Researchers at the Dornsife School of Public Health at Drexel University have concluded a research study into the link between violence and alcohol. In their findings, they concluded that violence is higher when alcohol is more readily available. In order to come to this conclusion, the researchers studied data from neighborhoods within Philadelphia.

In addition to the investigating the effects of alcohol availability on violence, researchers also took into account socioeconomic standing and level of education. Of those three factors, violence was markedly higher and more likely when alcohol was easily accessible. This information may surprise some people who considered that violence and poverty go hand in hand.

One of the major catalysts to this study was the decision by Governor Tom Wolf to reduce limitations and regulations on the sale of alcohol in Pennsylvania. These changes would include allowing alcohol to be sold in grocery stores and allowing liquor stores to be open on Sundays. The premise of the study was to find out if increasing the availability of alcohol had any effect on violence, and it appears to have a major effect.
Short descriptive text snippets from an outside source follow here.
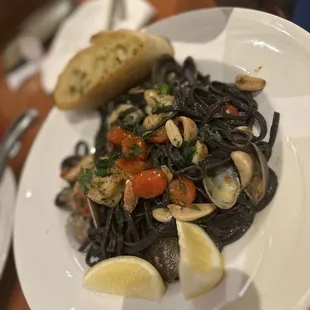 a plate of pasta with clams and a slice of lemon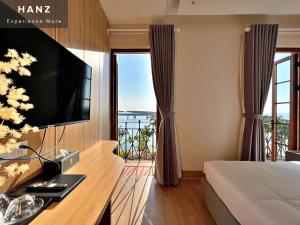 a bedroom with a bed and a tv and a balcony at HANZ LAGOON SUNSET ITALIANO BOUTIQUE in Phu Quoc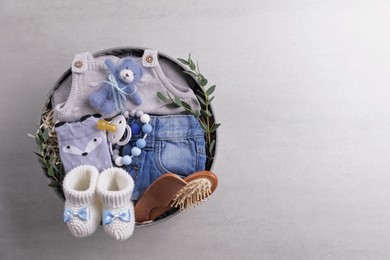 Box with baby clothes, booties and accessories on grey background, top view. Space for text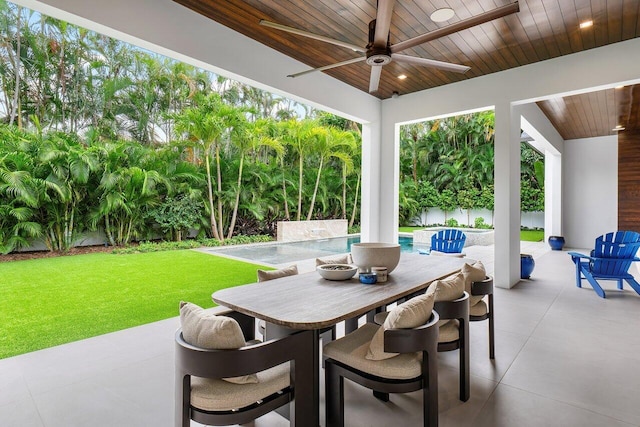 view of pool featuring an in ground hot tub, a yard, a patio area, and pool water feature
For instance, the study looked at wealthy neighborhoods that had an increase in the alcohol availability. Before the increase there was an average of 111 violent incidents per 10,000 people. After the increase that number rose to 168. Researchers also point out similar circumstances in Seattle, Washington. After the government chose to change alcohol license policies, making it easier for people to obtain licenses, thereby increasing the number of stores, bars and restaurants that sold alcohol, there was a 5% increase in the number of violent incidents in the city.

Those against the loosened restrictions in the state of Pennsylvania are looking at this study as a warning for what’s to come if the alcohol restrictions continue to lessen. “This study should make us concerned about the effects of widening the availability of alcohol on violence in Philadelphia neighborhoods,” explained Philadelphia’s health commissioner, Thoman Farley.

Researchers also provided ways in which they feel local government can help combat an increase in violence. They suggest that stores be limited in the hours they can sell alcohol, the state can raise taxes on alcohol and stores can reduce the amount of alcohol they display on shelves. According to the researchers, these solutions can help combat future problems.